* _Records for the exercise_
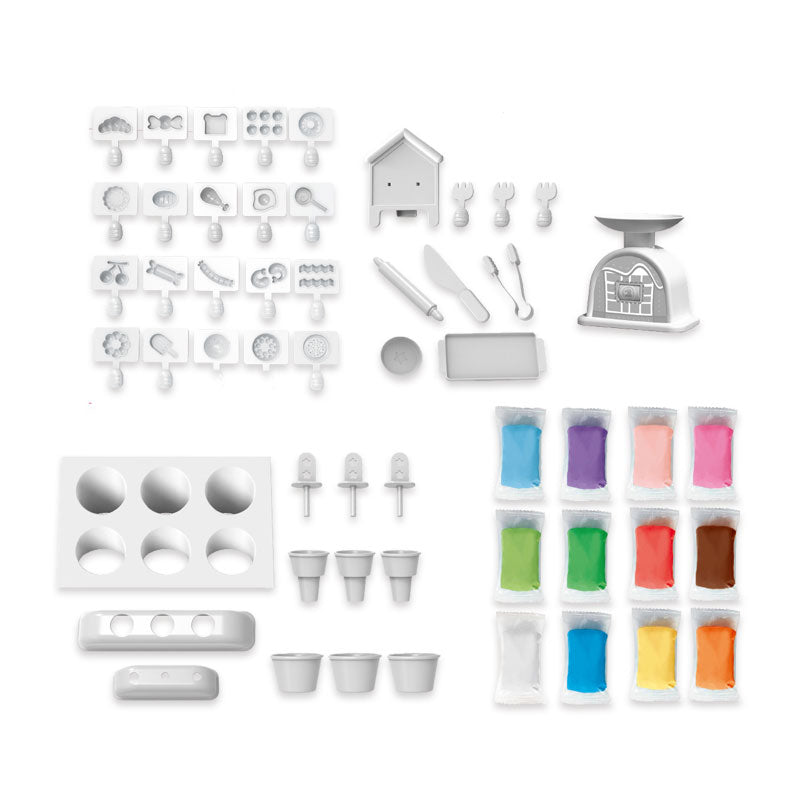 Color Mud Set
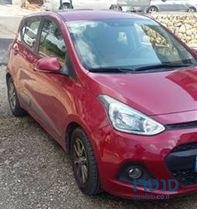 2015' Hyundai i10 i10 יונדאי photo #2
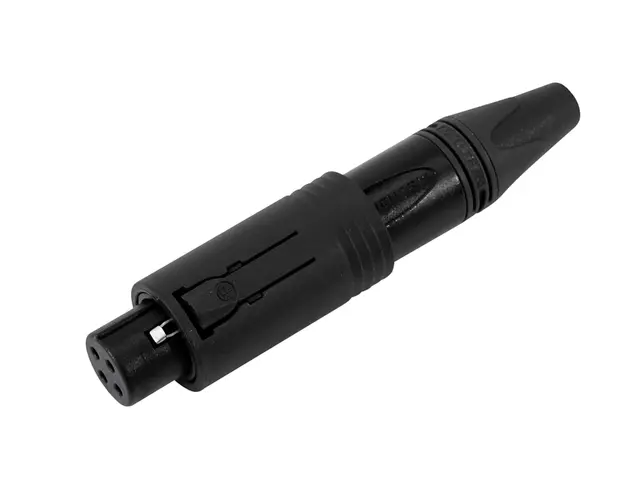 NEUTRIK XLR ConvertCon 3pin NC3FM-C-B-MainBild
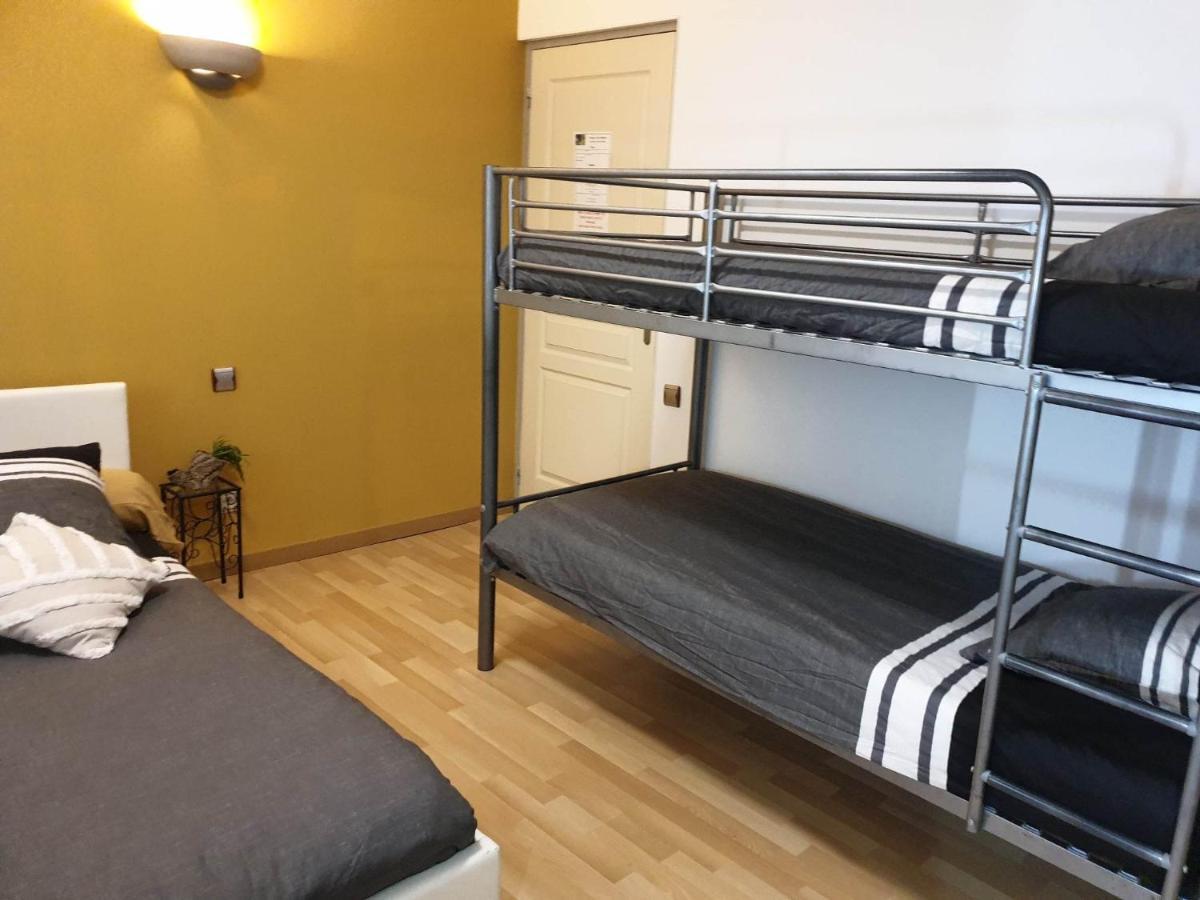 Autour Du Hamac Chambres Et Table D'Hotes Moltifao Eksteriør bilde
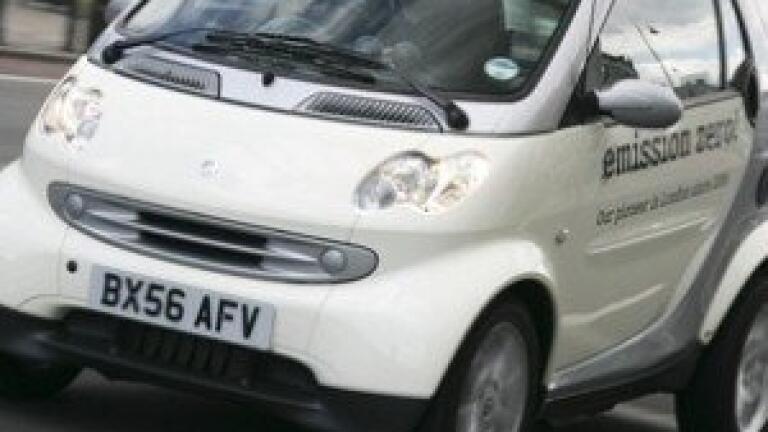 Boris falling behind on electric car targets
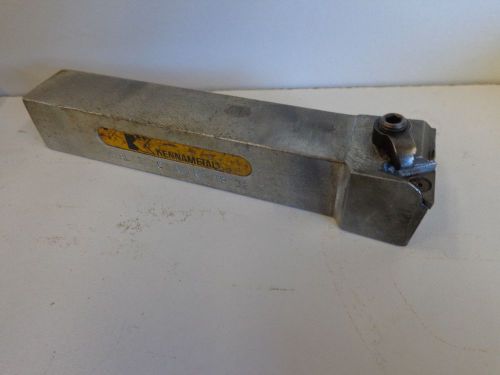 Kennametal lathe tool holder ktfl-163c  stk 1059 for sale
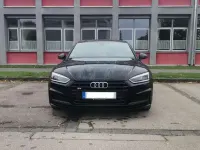 Gebraucht Audi S5 Sportback Design 354 PS (260 kW) 2017 Schwarz Kleinwagen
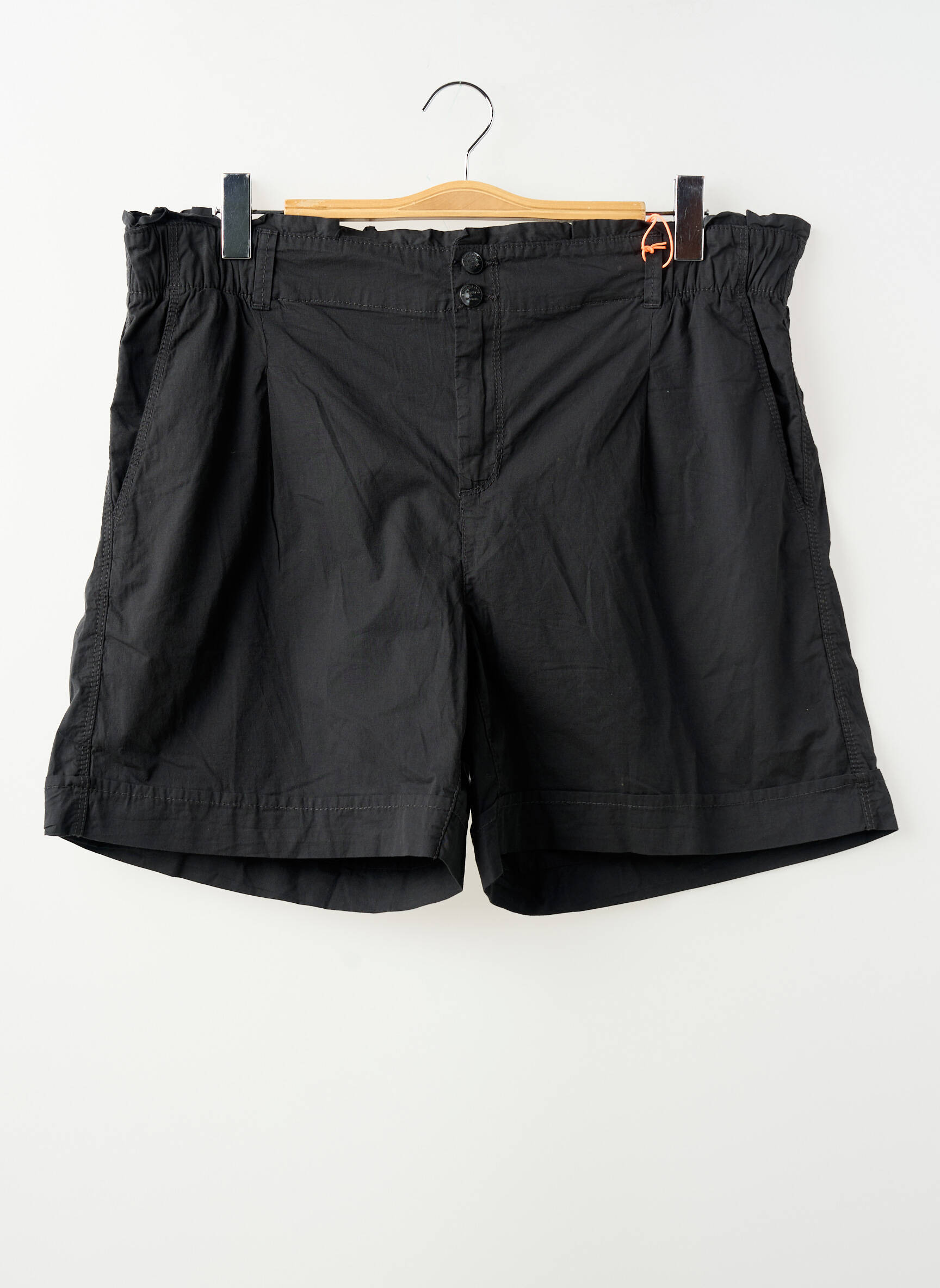 Bermudas pilka STREET ONE moteris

* _Your assignment_
Return the complete material exactly as it appears, without images.

* _Written answer_
 Color Mud Set
 2015' Hyundai i10 i10 יונדאי photo #2
 NEUTRIK XLR ConvertCon 3pin NC3FM-C-B-MainBild
 Autour Du Hamac Chambres Et Table D'Hotes Moltifao Eksteriør bilde
 Boris falling behind on electric car targets
 Kennametal lathe tool holder ktfl-163c  stk 1059 for sale
 Gebraucht Audi S5 Sportback Design 354 PS (260 kW) 2017 Schwarz Kleinwagen
 Bermudas pilka STREET ONE moteris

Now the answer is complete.